# Can not boot install disk



## emamarro (May 6, 2009)

Hallo,
I'm coming from archlinux and want to try freebsd.
I burned 7.2 release disk1 and try to install but always stops when getting to internal HD 
ad0: 19645MB SAMSUNG  

So I tryed on a newer pc to check the media but the disk run fine and I can get the install window.

Is there anything I can do to install on the old pc?

Thank you very much


----------



## tangram (May 6, 2009)

You need to provide more information, namely which hardware (chipset and so on).


----------



## emamarro (May 6, 2009)

thank you,here it is:

AMD Athlon 750mhz
i686
memtotal 510556kb
vga ati 

ciao


----------



## tangram (May 6, 2009)

Btw did you have a look at http://www.freebsd.org/releases/7.2R/errata.html first open issue?


----------



## emamarro (May 6, 2009)

Thank you ,I also tried with livefs cdrom and stops booting at same pointt  with detailed output GEOM ( may be referring to geometry of HD..)

[20090501] Some machines do not recognize the i386 disc1 as bootable and fall through to booting off the next boot device.

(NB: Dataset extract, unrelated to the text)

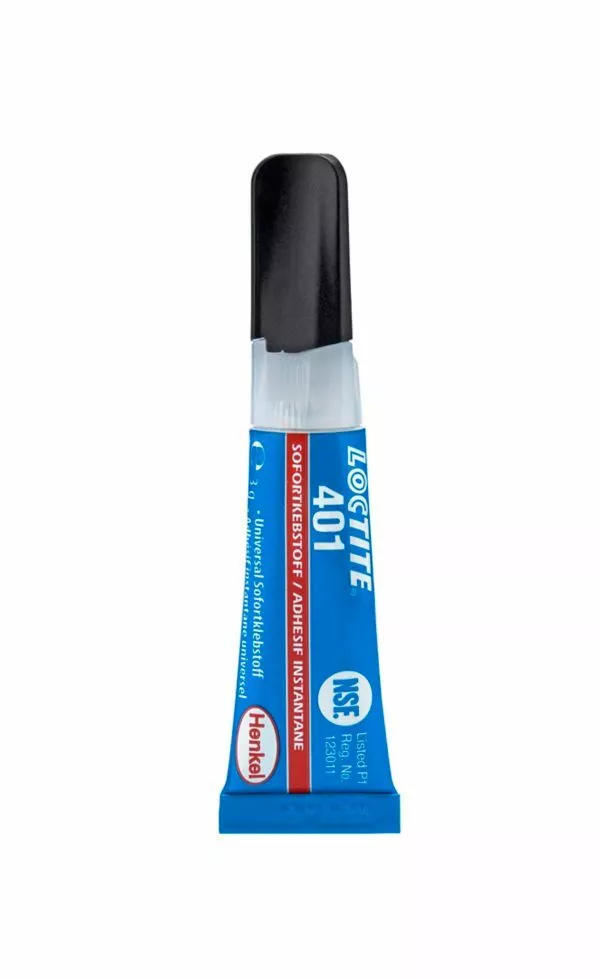 Colle instantanée Loctite 401 3 g - vue 2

All affected machines did see the other discs as bootable. As a workaround, you can boot using the bootonly or livefs CDROM and then swap in disc1 once sysinstall(8) starts.


----------



## tangram (May 6, 2009)

Can you extract the exact error message?


----------



## emamarro (May 6, 2009)

no luck..:\
I tried with livefs cd prompt stops after this line:

md0: Preloaded image </boot/mfsroot> 4423680 bytes at 0xc0dfab28


----------